## Work order
Where the line with "Тактический рюкзак 30 литров - Прочность" appears below, start writing out lines exactly, and finish with the line with "du Mali Port", which is included; write out nothing else.

## Data to examine

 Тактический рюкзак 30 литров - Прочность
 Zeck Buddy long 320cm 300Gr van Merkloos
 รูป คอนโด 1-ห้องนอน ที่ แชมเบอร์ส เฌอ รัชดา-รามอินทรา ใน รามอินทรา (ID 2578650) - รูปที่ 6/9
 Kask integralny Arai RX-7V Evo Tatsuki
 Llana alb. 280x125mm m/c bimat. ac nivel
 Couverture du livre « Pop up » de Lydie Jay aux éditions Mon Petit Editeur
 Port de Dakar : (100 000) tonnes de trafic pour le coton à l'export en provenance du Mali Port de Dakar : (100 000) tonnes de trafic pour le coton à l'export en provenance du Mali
==
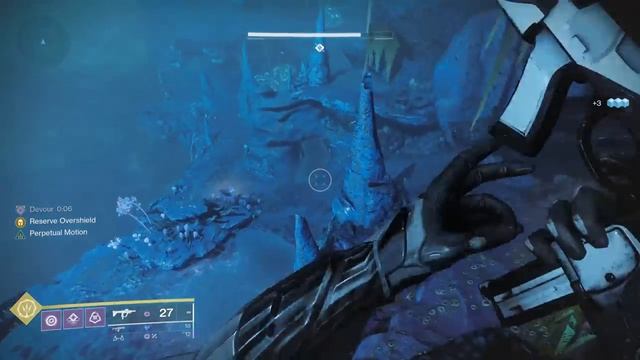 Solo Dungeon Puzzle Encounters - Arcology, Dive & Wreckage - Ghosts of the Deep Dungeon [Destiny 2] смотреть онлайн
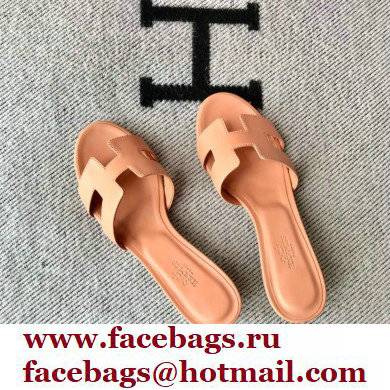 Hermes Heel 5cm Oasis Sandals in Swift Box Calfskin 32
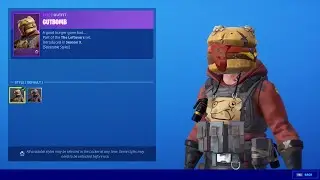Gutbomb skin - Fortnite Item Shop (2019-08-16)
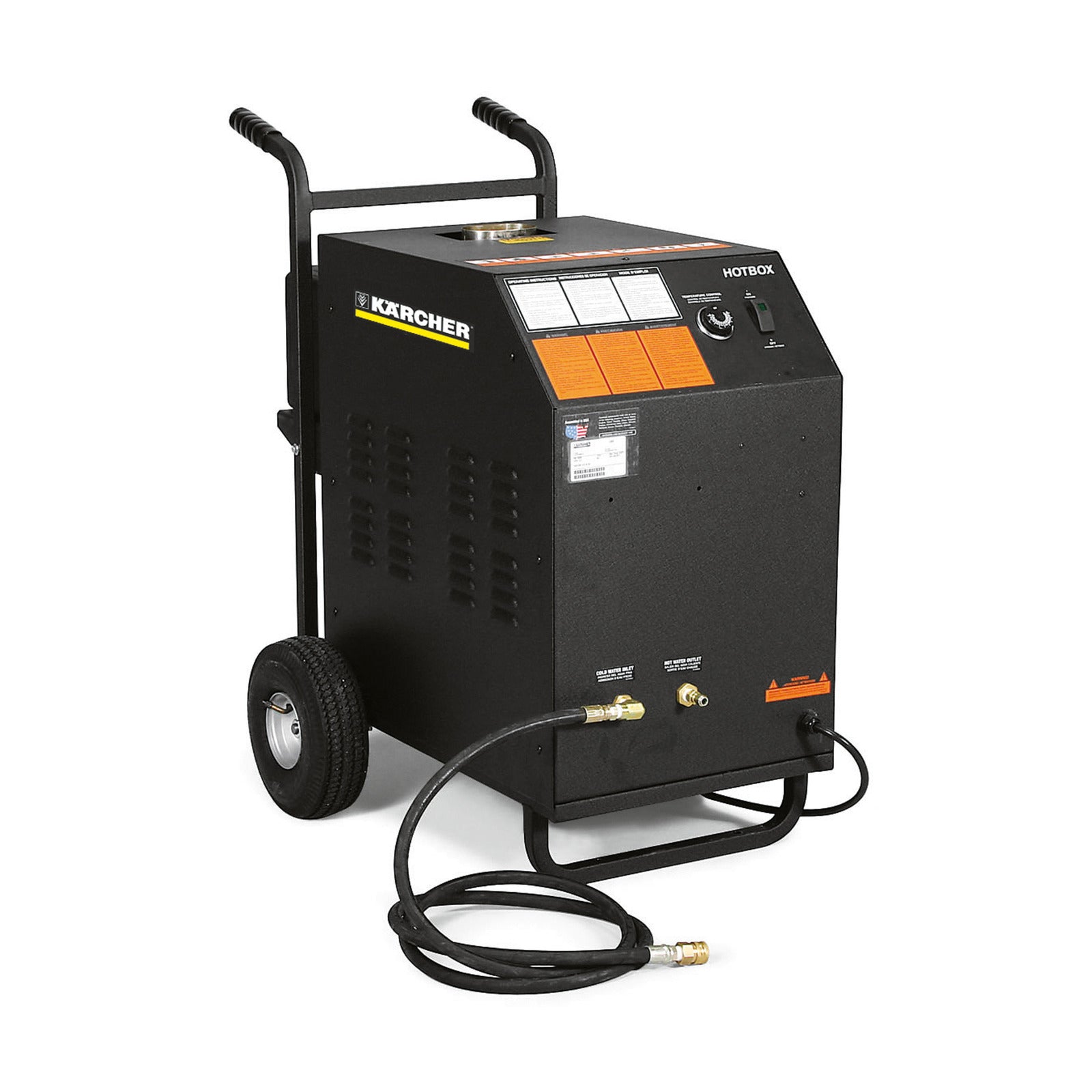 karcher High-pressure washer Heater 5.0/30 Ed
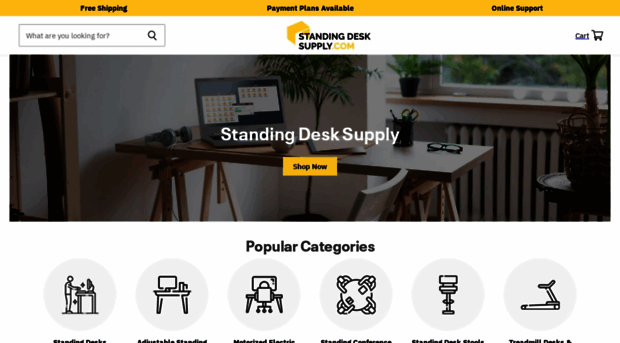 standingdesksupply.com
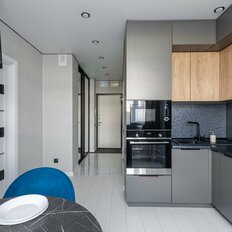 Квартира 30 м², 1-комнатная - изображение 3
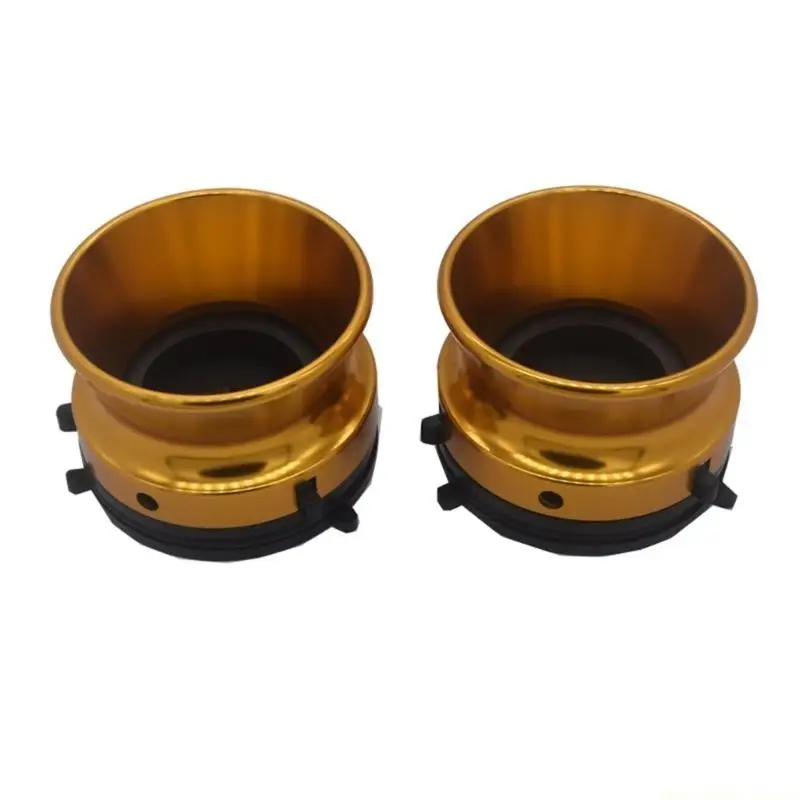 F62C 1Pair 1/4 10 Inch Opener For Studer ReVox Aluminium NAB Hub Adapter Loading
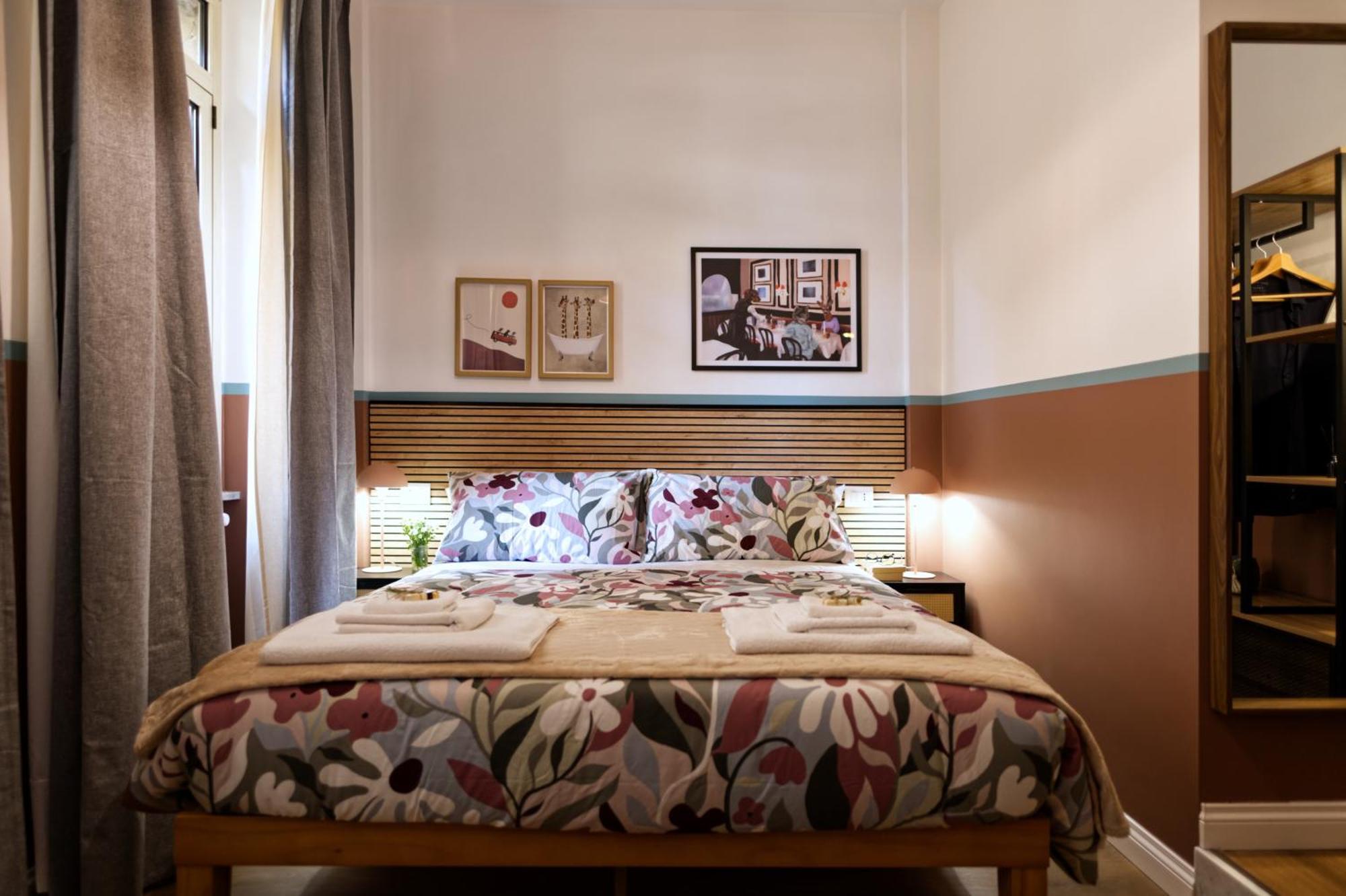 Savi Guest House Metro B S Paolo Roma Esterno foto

## Problem solution
 Тактический рюкзак 30 литров - Прочность
 Zeck Buddy long 320cm 300Gr van Merkloos
 รูป คอนโด 1-ห้องนอน ที่ แชมเบอร์ส เฌอ รัชดา-รามอินทรา ใน รามอินทรา (ID 2578650) - รูปที่ 6/9
 Kask integralny Arai RX-7V Evo Tatsuki
 Llana alb. 280x125mm m/c bimat. ac nivel
 Couverture du livre « Pop up » de Lydie Jay aux éditions Mon Petit Editeur
 Port de Dakar : (100 000) tonnes de trafic pour le coton à l'export en provenance du Mali Port de Dakar : (100 000) tonnes de trafic pour le coton à l'export en provenance du Mali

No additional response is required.